# My First bow kill



## just yakin (Feb 10, 2007)

Shot this 8 point about 715 this morning. Saw two others.


----------



## atcfisherman (Oct 5, 2006)

Awesome!!! Congrats on the harvest.


----------



## Big Boggy Wader (Sep 13, 2005)

Way to go young man. :texasflag


----------



## lx22f/c (Jun 19, 2009)

Awesome, congrats on a nice buck!!!


Feed your faith and your doubts will starve to death!!


----------



## TXTiga (Apr 23, 2012)

Well done!!!


----------



## devil1824 (Sep 4, 2010)

Congrats.


----------



## salth2o (Sep 21, 2004)

Congrats. Nothing like that first thwack!


----------



## Nwilkins (Jan 18, 2009)

Very Nice


----------



## Chunky (Oct 15, 2006)

Way to go, that is a fine buck.


----------



## Trouthunter (Dec 18, 1998)

Congratulations on killing your first buck with a bow!

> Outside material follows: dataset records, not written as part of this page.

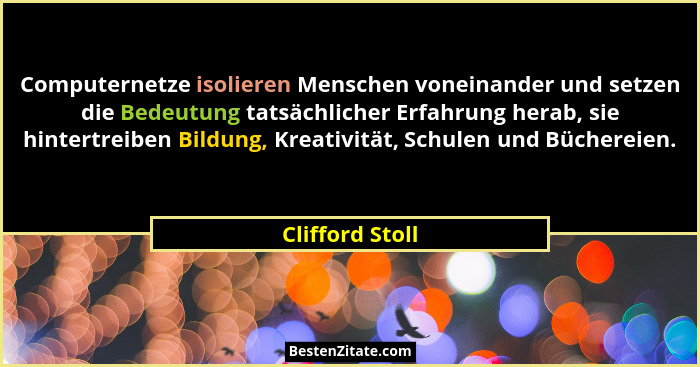 Computernetze isolieren Menschen voneinander und setzen die Bedeutung tatsächlicher Erfahrung herab, sie hintertreiben Bildung, Kreat... - Clifford Stoll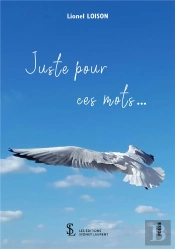 Juste Pour Ces Mots...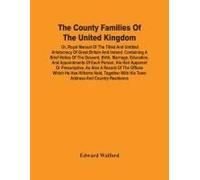 The County Families Of The United Kingdom; Or, Royal Manual Of The Titled And Untitled Aristocracy Of Great Britain And Ireland. Containing A Brief Notice Of The Descent, Birth, Marriage, Education, A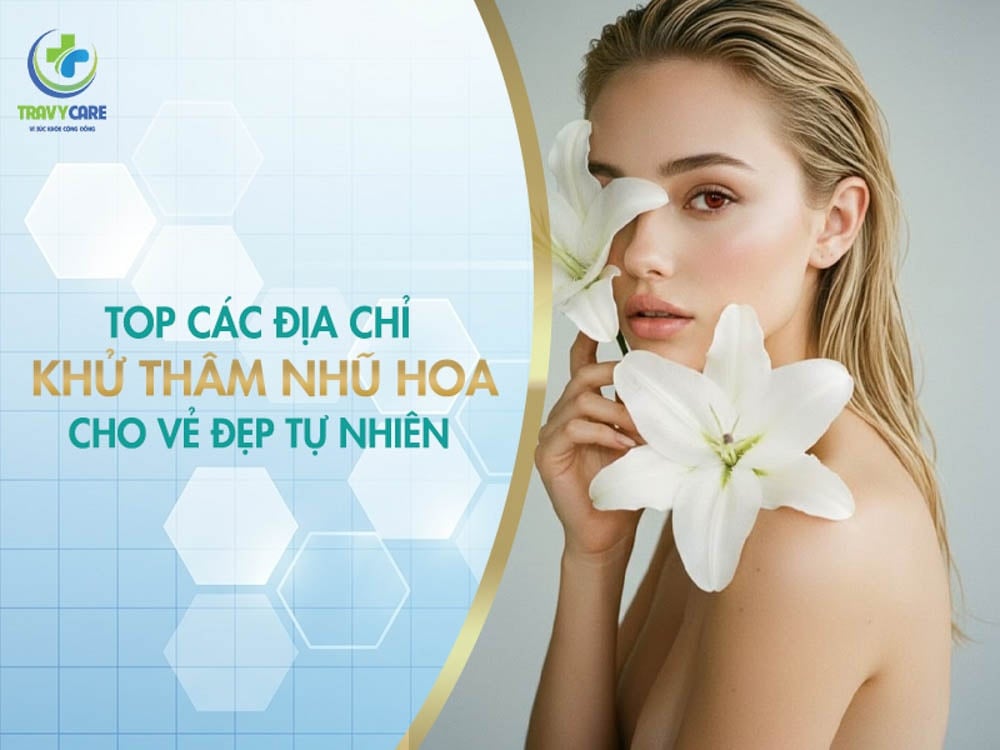 Top các địa chỉ khử thâm nhũ hoa cho vẻ đẹp tự nhiên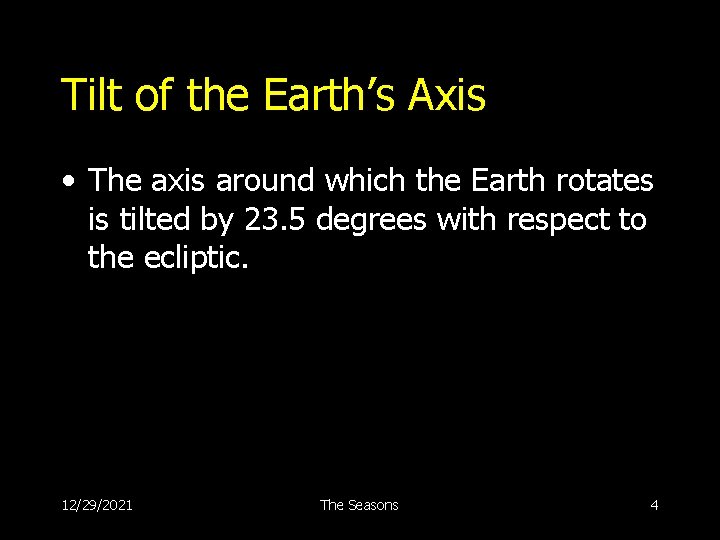 Tilt of the Earth’s Axis • The axis around which the Earth rotates is
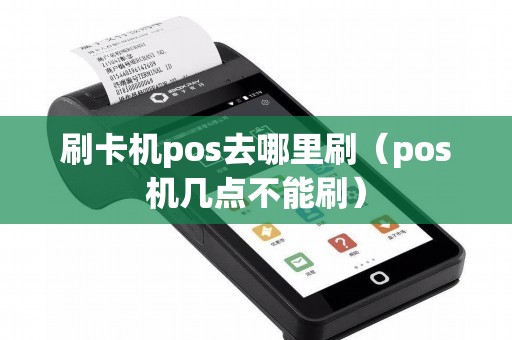 刷卡机pos去哪里刷（pos机几点不能刷）
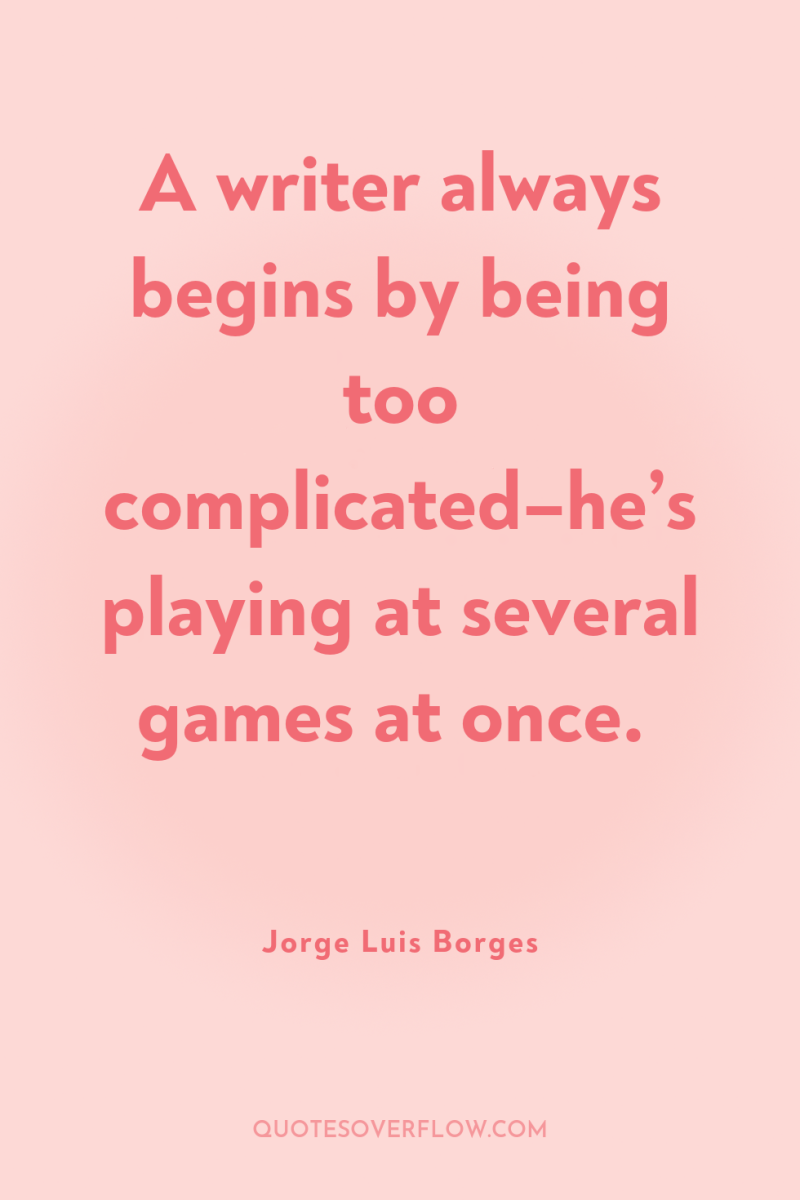 A writer always begins by being too complicated–he’s playing at...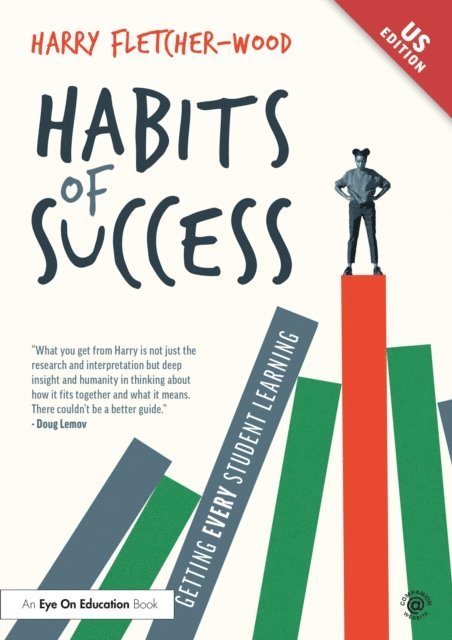 Harry Fletcher-Wood - Habits of Success: Getting Every Student Learning, E-bok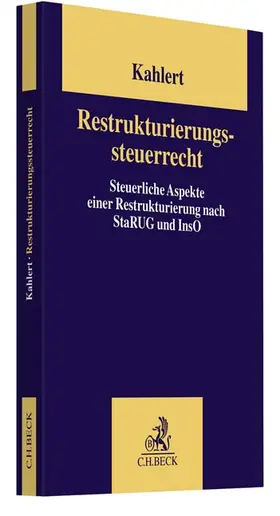 Kahlert | Restrukturierungssteuerrecht | Buch | 978-3-406-77855-1 | sack.de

Now go and get some more of them. 

TH


----------



## wet dreams (May 21, 2004)

Congrats on your first of many....WW


----------



## ATX 4x4 (Jun 25, 2011)

Awesome!


----------



## altez (Sep 12, 2012)

Congrats !!


----------



## just yakin (Feb 10, 2007)

Thanks!! It's a pretty awesome feeling!


----------



## stxhunter (May 19, 2006)

Congrats! I'm still waiting for my first deer with the bow!


----------



## richangel (May 23, 2013)

Congrats! you did a good job young man..go get another one!


----------